I had one of those too. It was useful for its time.

------
x2398dh1
So what she's saying in this article is that the physical poles on which
street lights reside represent what will soon become valuable real estate.

She's probably right. But what I worry about regarding street lighting and
anything municipal-IoT related, at least in America, is that a lot of IoT
business models seem to be along the lines of, "we're not selling you an LED
light, we're selling you a monthly lighting plan! It's a whole new paradigm!"

That may work for the corporate world, where timeframes tend to go in
quarterly, yearly or three-year cycles, but in the municipal world, timeframes
for equipment could be up to, perhaps 50 years or more.

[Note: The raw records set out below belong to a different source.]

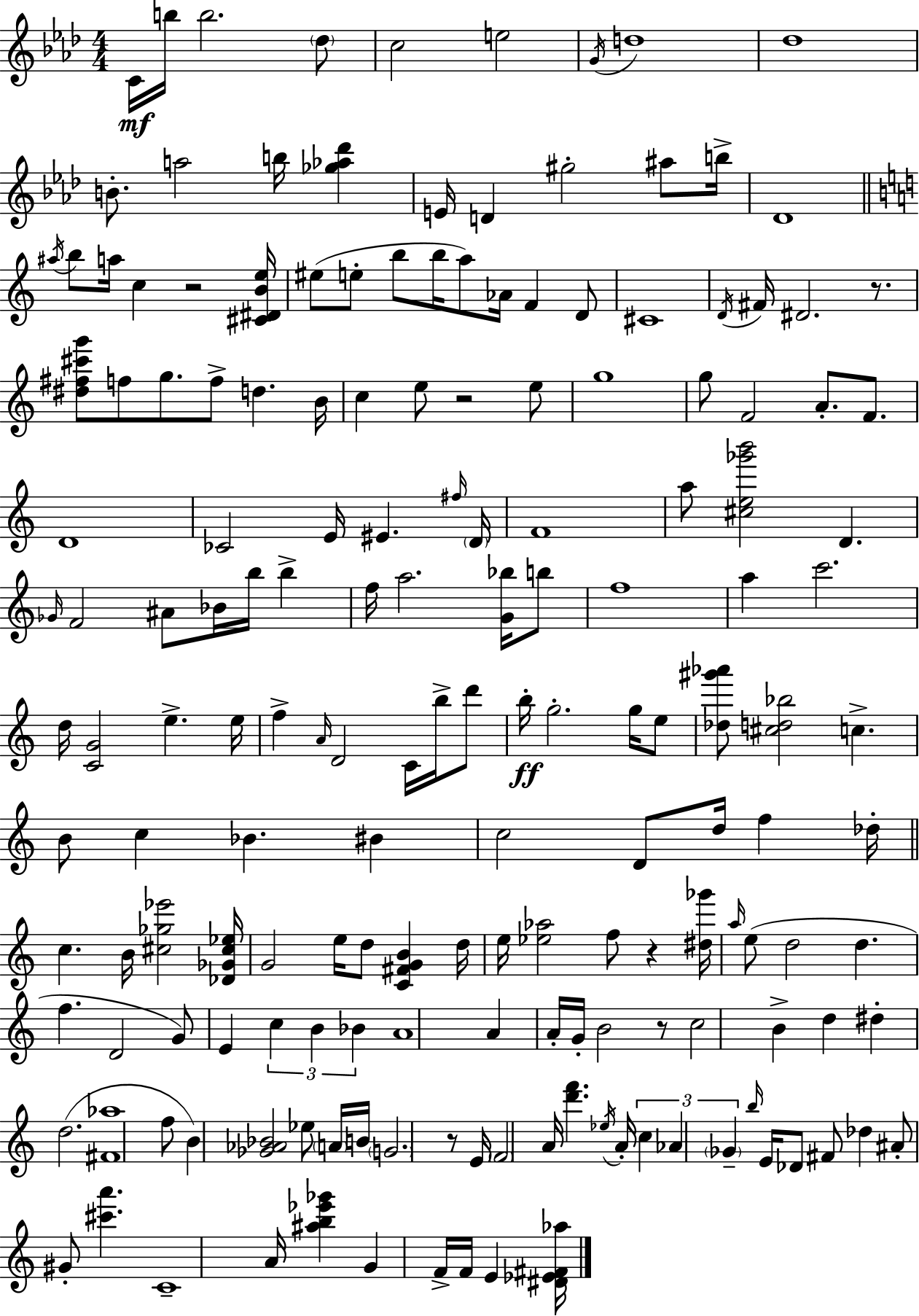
{
  \clef treble
  \numericTimeSignature
  \time 4/4
  \key aes \major
  c'16\mf b''16 b''2. \parenthesize des''8 | c''2 e''2 | \acciaccatura { g'16 } d''1 | des''1 | \break b'8.-. a''2 b''16 <ges'' aes'' des'''>4 | e'16 d'4 gis''2-. ais''8 | b''16-> des'1 | \bar "||" \break \key c \major \acciaccatura { ais''16 } b''8 a''16 c''4 r2 | <cis' dis' b' e''>16 eis''8( e''8-. b''8 b''16 a''8) aes'16 f'4 d'8 | cis'1 | \acciaccatura { d'16 } fis'16 dis'2. r8. | \break <dis'' fis'' cis''' g'''>8 f''8 g''8. f''8-> d''4. | b'16 c''4 e''8 r2 | e''8 g''1 | g''8 f'2 a'8.-. f'8. | \break d'1 | ces'2 e'16 eis'4. | \grace { fis''16 } \parenthesize d'16 f'1 | a''8 <cis'' e'' ges''' b'''>2 d'4. | \break \grace { ges'16 } f'2 ais'8 bes'16 b''16 | b''4-> f''16 a''2. | <g' bes''>16 b''8 f''1 | a''4 c'''2. | \break d''16 <c' g'>2 e''4.-> | e''16 f''4-> \grace { a'16 } d'2 | c'16 b''16-> d'''8 b''16-.\ff g''2.-. | g''16 e''8 <des'' gis''' aes'''>8 <cis'' d'' bes''>2 c''4.-> | \break b'8 c''4 bes'4. | bis'4 c''2 d'8 d''16 | f''4 des''16-. \bar "||" \break \key c \major c''4. b'16 <cis'' ges'' ees'''>2 <des' ges' cis'' ees''>16 | g'2 e''16 d''8 <c' fis' g' b'>4 d''16 | e''16 <ees'' aes''>2 f''8 r4 <dis'' ges'''>16 | \grace { a''16 } e''8( d''2 d''4. | \break f''4. d'2 g'8) | e'4 \tuplet 3/2 { c''4 b'4 bes'4 } | a'1 | a'4 a'16-. g'16-. b'2 r8 | \break c''2 b'4-> d''4 | dis''4-. d''2.( | <fis' aes''>1 | f''8 b'4) <ges' aes' bes'>2 ees''8 | \break \parenthesize a'16 b'16 \parenthesize g'2. r8 | e'16 \parenthesize f'2 a'16 <d''' f'''>4. | \acciaccatura { ees''16 } a'16-. \tuplet 3/2 { c''4 aes'4 \parenthesize ges'4-- } \grace { b''16 } | e'16 des'8 fis'8 des''4 ais'8-. gis'8-. <cis''' a'''>4. | \break c'1-- | a'16 <ais'' b'' ees''' ges'''>4 g'4 f'16-> f'16 e'4 | <dis' ees' fis' aes''>16 \bar "|."
} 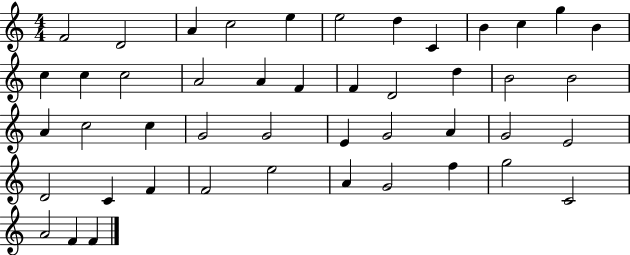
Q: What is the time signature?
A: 4/4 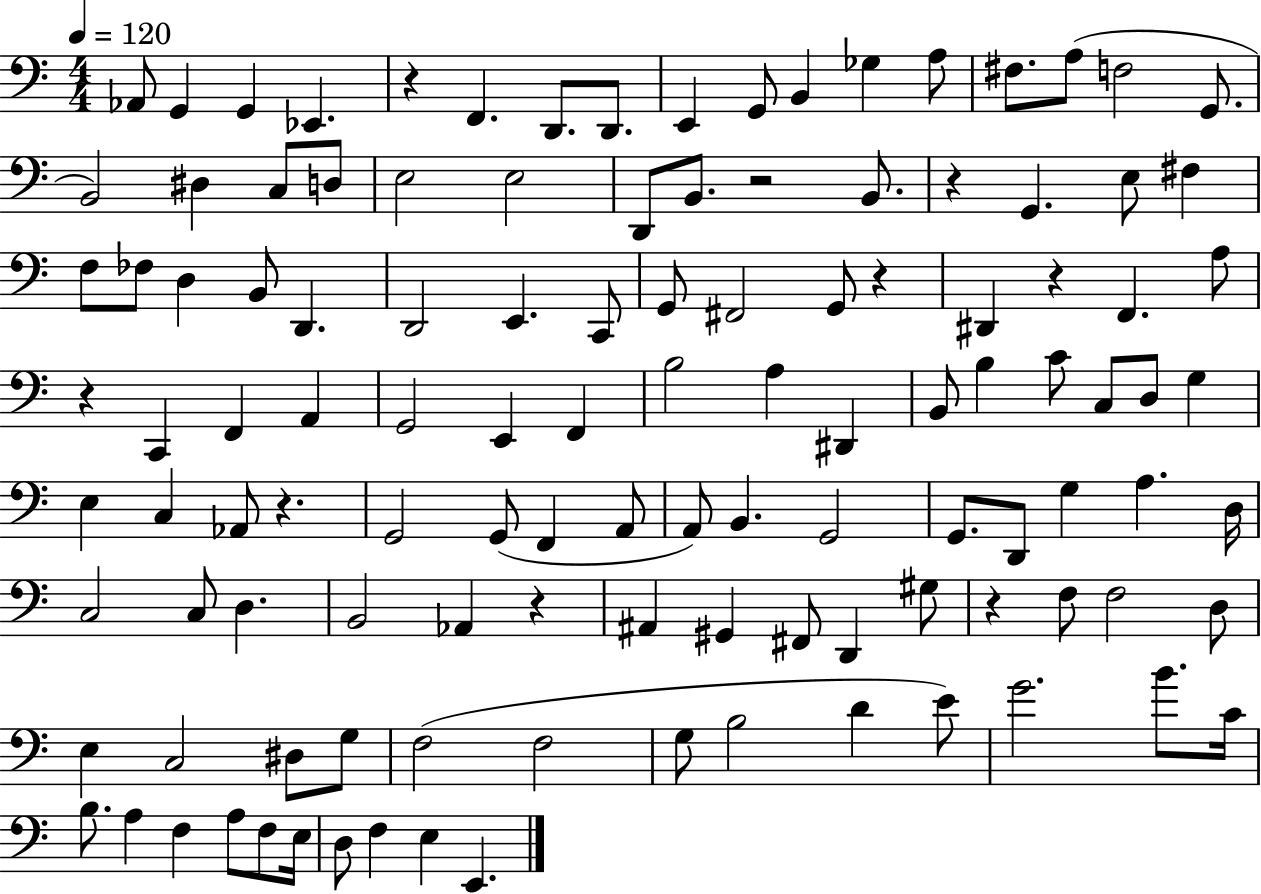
{
  \clef bass
  \numericTimeSignature
  \time 4/4
  \key c \major
  \tempo 4 = 120
  aes,8 g,4 g,4 ees,4. | r4 f,4. d,8. d,8. | e,4 g,8 b,4 ges4 a8 | fis8. a8( f2 g,8. | \break b,2) dis4 c8 d8 | e2 e2 | d,8 b,8. r2 b,8. | r4 g,4. e8 fis4 | \break f8 fes8 d4 b,8 d,4. | d,2 e,4. c,8 | g,8 fis,2 g,8 r4 | dis,4 r4 f,4. a8 | \break r4 c,4 f,4 a,4 | g,2 e,4 f,4 | b2 a4 dis,4 | b,8 b4 c'8 c8 d8 g4 | \break e4 c4 aes,8 r4. | g,2 g,8( f,4 a,8 | a,8) b,4. g,2 | g,8. d,8 g4 a4. d16 | \break c2 c8 d4. | b,2 aes,4 r4 | ais,4 gis,4 fis,8 d,4 gis8 | r4 f8 f2 d8 | \break e4 c2 dis8 g8 | f2( f2 | g8 b2 d'4 e'8) | g'2. b'8. c'16 | \break b8. a4 f4 a8 f8 e16 | d8 f4 e4 e,4. | \bar "|."
} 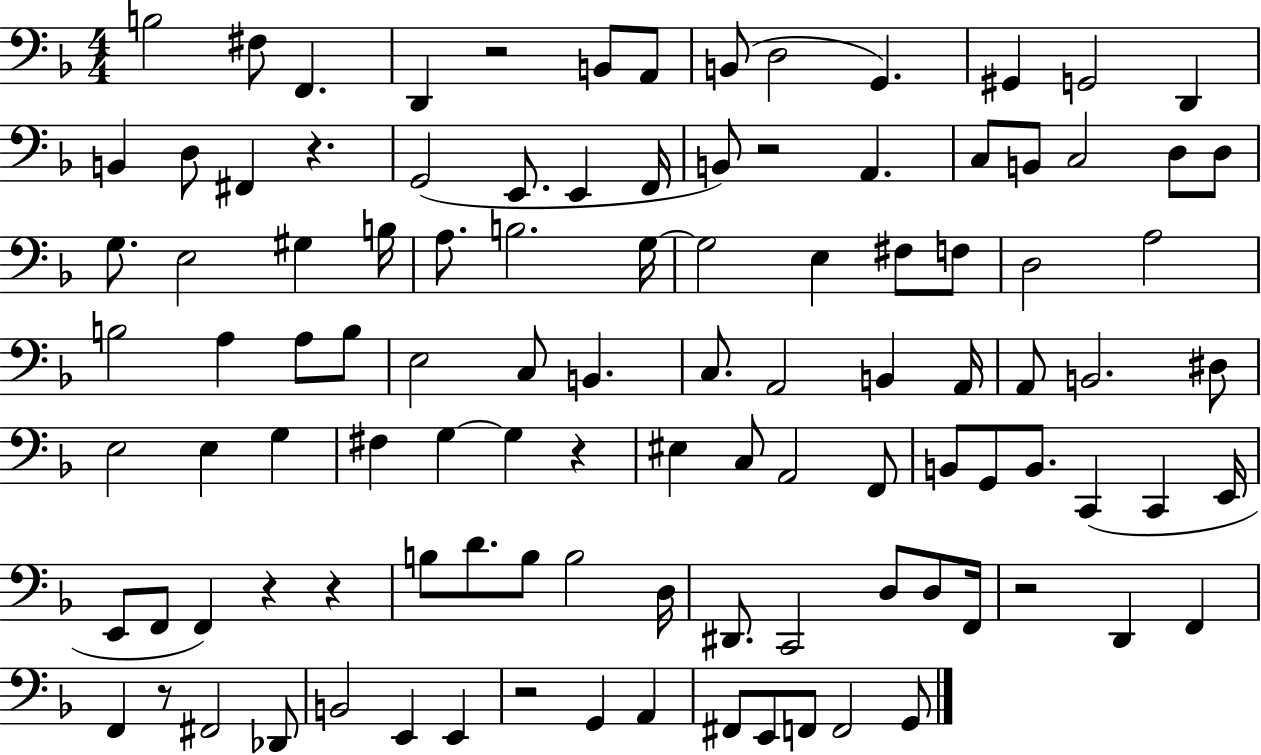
B3/h F#3/e F2/q. D2/q R/h B2/e A2/e B2/e D3/h G2/q. G#2/q G2/h D2/q B2/q D3/e F#2/q R/q. G2/h E2/e. E2/q F2/s B2/e R/h A2/q. C3/e B2/e C3/h D3/e D3/e G3/e. E3/h G#3/q B3/s A3/e. B3/h. G3/s G3/h E3/q F#3/e F3/e D3/h A3/h B3/h A3/q A3/e B3/e E3/h C3/e B2/q. C3/e. A2/h B2/q A2/s A2/e B2/h. D#3/e E3/h E3/q G3/q F#3/q G3/q G3/q R/q EIS3/q C3/e A2/h F2/e B2/e G2/e B2/e. C2/q C2/q E2/s E2/e F2/e F2/q R/q R/q B3/e D4/e. B3/e B3/h D3/s D#2/e. C2/h D3/e D3/e F2/s R/h D2/q F2/q F2/q R/e F#2/h Db2/e B2/h E2/q E2/q R/h G2/q A2/q F#2/e E2/e F2/e F2/h G2/e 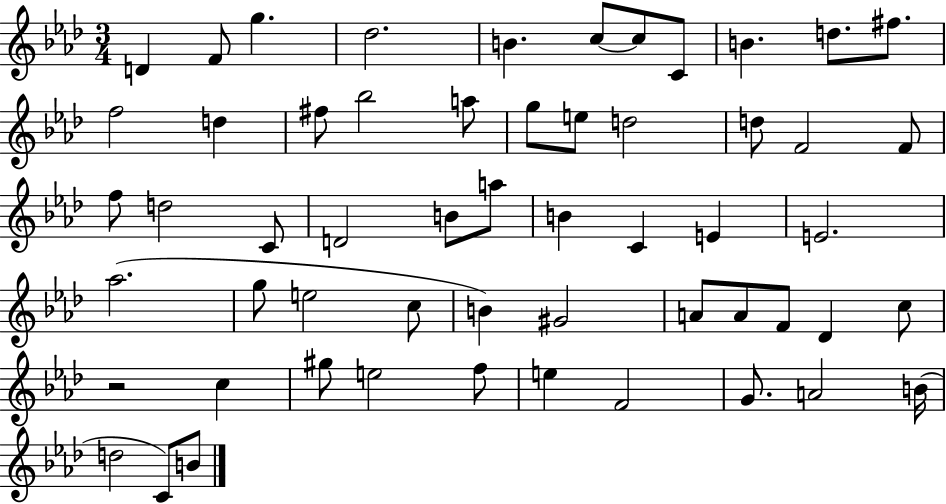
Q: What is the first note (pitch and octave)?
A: D4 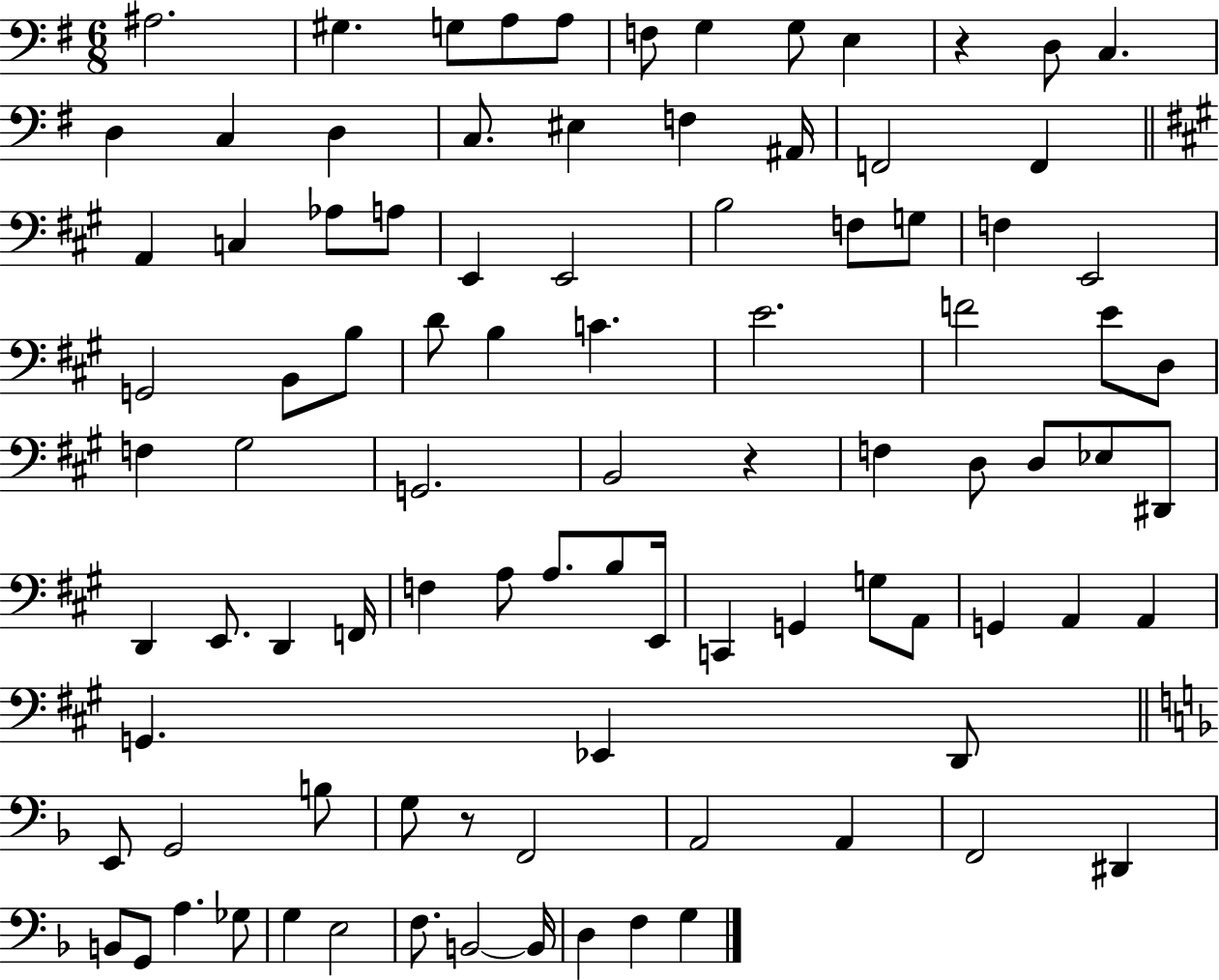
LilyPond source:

{
  \clef bass
  \numericTimeSignature
  \time 6/8
  \key g \major
  ais2. | gis4. g8 a8 a8 | f8 g4 g8 e4 | r4 d8 c4. | \break d4 c4 d4 | c8. eis4 f4 ais,16 | f,2 f,4 | \bar "||" \break \key a \major a,4 c4 aes8 a8 | e,4 e,2 | b2 f8 g8 | f4 e,2 | \break g,2 b,8 b8 | d'8 b4 c'4. | e'2. | f'2 e'8 d8 | \break f4 gis2 | g,2. | b,2 r4 | f4 d8 d8 ees8 dis,8 | \break d,4 e,8. d,4 f,16 | f4 a8 a8. b8 e,16 | c,4 g,4 g8 a,8 | g,4 a,4 a,4 | \break g,4. ees,4 d,8 | \bar "||" \break \key f \major e,8 g,2 b8 | g8 r8 f,2 | a,2 a,4 | f,2 dis,4 | \break b,8 g,8 a4. ges8 | g4 e2 | f8. b,2~~ b,16 | d4 f4 g4 | \break \bar "|."
} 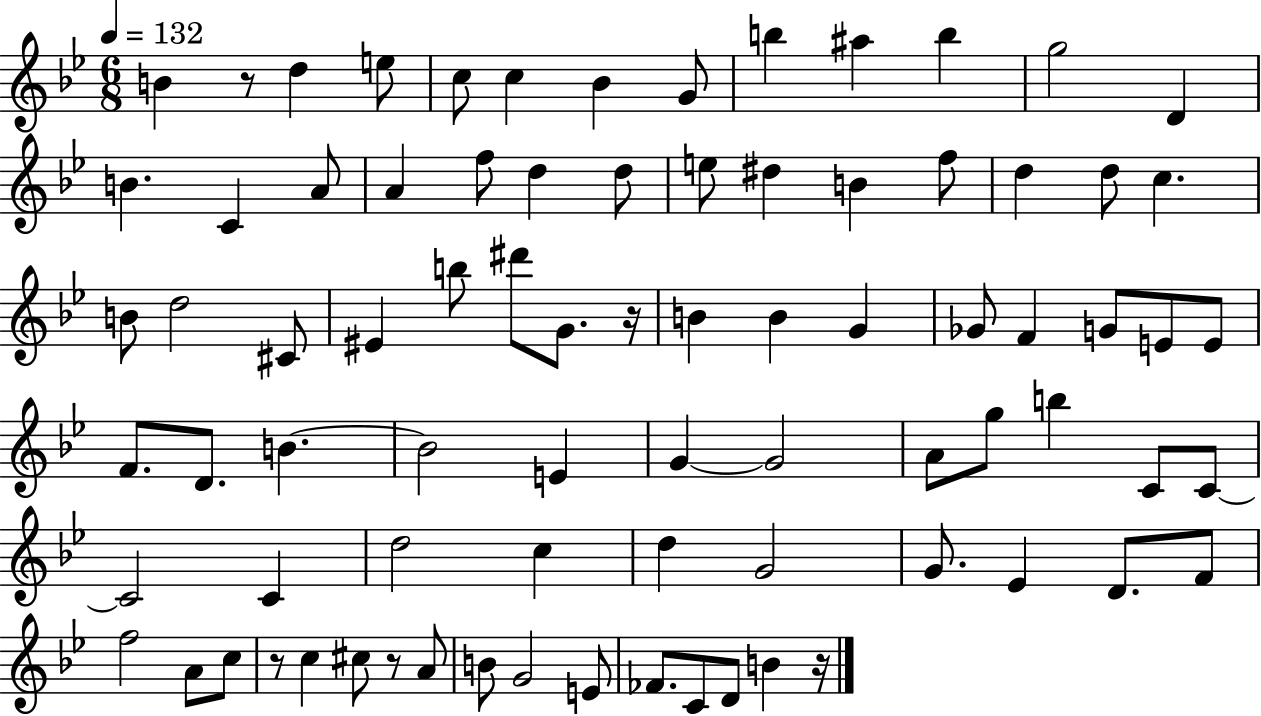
X:1
T:Untitled
M:6/8
L:1/4
K:Bb
B z/2 d e/2 c/2 c _B G/2 b ^a b g2 D B C A/2 A f/2 d d/2 e/2 ^d B f/2 d d/2 c B/2 d2 ^C/2 ^E b/2 ^d'/2 G/2 z/4 B B G _G/2 F G/2 E/2 E/2 F/2 D/2 B B2 E G G2 A/2 g/2 b C/2 C/2 C2 C d2 c d G2 G/2 _E D/2 F/2 f2 A/2 c/2 z/2 c ^c/2 z/2 A/2 B/2 G2 E/2 _F/2 C/2 D/2 B z/4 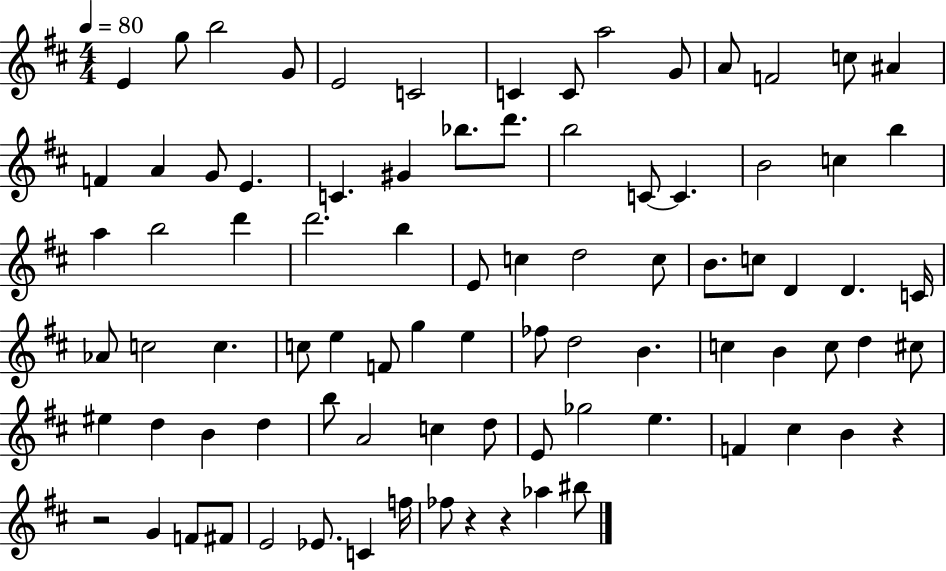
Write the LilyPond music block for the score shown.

{
  \clef treble
  \numericTimeSignature
  \time 4/4
  \key d \major
  \tempo 4 = 80
  e'4 g''8 b''2 g'8 | e'2 c'2 | c'4 c'8 a''2 g'8 | a'8 f'2 c''8 ais'4 | \break f'4 a'4 g'8 e'4. | c'4. gis'4 bes''8. d'''8. | b''2 c'8~~ c'4. | b'2 c''4 b''4 | \break a''4 b''2 d'''4 | d'''2. b''4 | e'8 c''4 d''2 c''8 | b'8. c''8 d'4 d'4. c'16 | \break aes'8 c''2 c''4. | c''8 e''4 f'8 g''4 e''4 | fes''8 d''2 b'4. | c''4 b'4 c''8 d''4 cis''8 | \break eis''4 d''4 b'4 d''4 | b''8 a'2 c''4 d''8 | e'8 ges''2 e''4. | f'4 cis''4 b'4 r4 | \break r2 g'4 f'8 fis'8 | e'2 ees'8. c'4 f''16 | fes''8 r4 r4 aes''4 bis''8 | \bar "|."
}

The sentiment in this
scenario would be, "we need that manhole cover to continue to work."

If you have smart LED lighting (which was not discussed in this article), in a
municipality, being sold on a monthly plan, and then the city has a down year,
or a Detroit-style downturn or whatever, and the city tries to negotiate with
the LED lighting company providing that service, that LED lighting service
company can threaten to, "turn off the lights," which would lead to all sorts
of bad press for the city workers, who ultimately are just trying to live
safe, protected lives working in guaranteed government jobs.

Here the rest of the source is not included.